▶ Brief
Going line by line through the records below, write out everything starting with the line containing "Balcony planter bed" and going on through the line containing "13428 Silver Sky", exactly and inclusively. Pictures do not go in.
Start of Source material
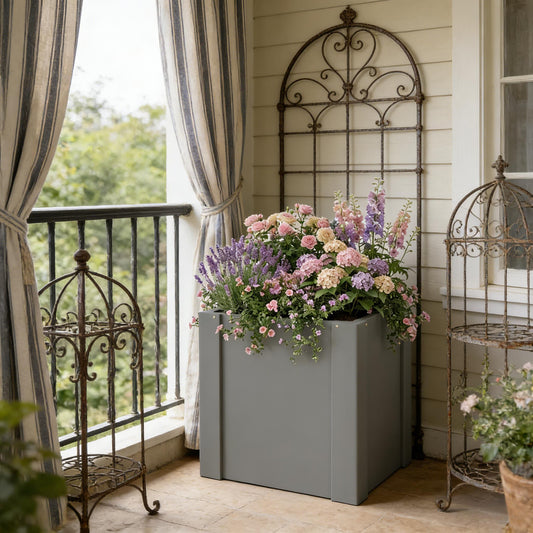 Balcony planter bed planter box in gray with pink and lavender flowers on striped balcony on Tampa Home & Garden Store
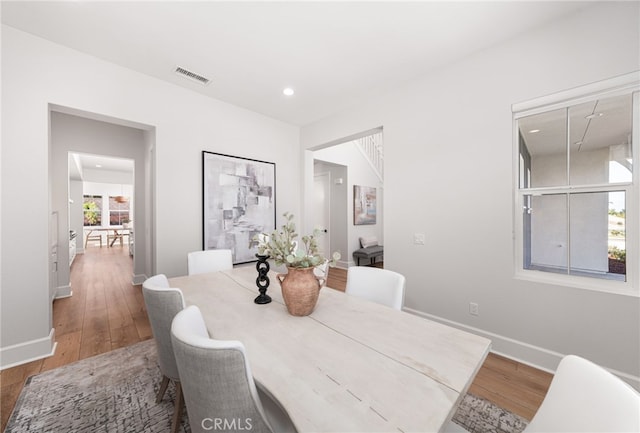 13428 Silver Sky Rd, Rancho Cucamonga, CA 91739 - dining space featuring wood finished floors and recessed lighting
End of Source material
Start of Source material
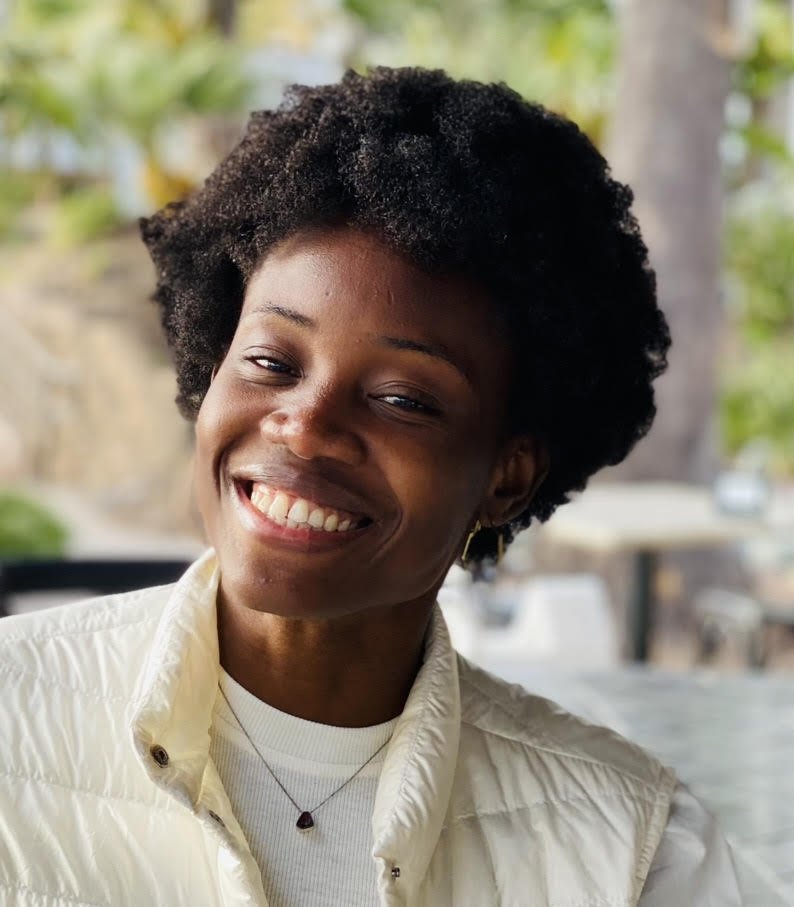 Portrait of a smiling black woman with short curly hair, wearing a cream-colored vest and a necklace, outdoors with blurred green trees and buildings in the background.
End of Source material
▶ Result
 Balcony planter bed planter box in gray with pink and lavender flowers on striped balcony on Tampa Home & Garden Store
 13428 Silver Sky Rd, Rancho Cucamonga, CA 91739 - dining space featuring wood finished floors and recessed lighting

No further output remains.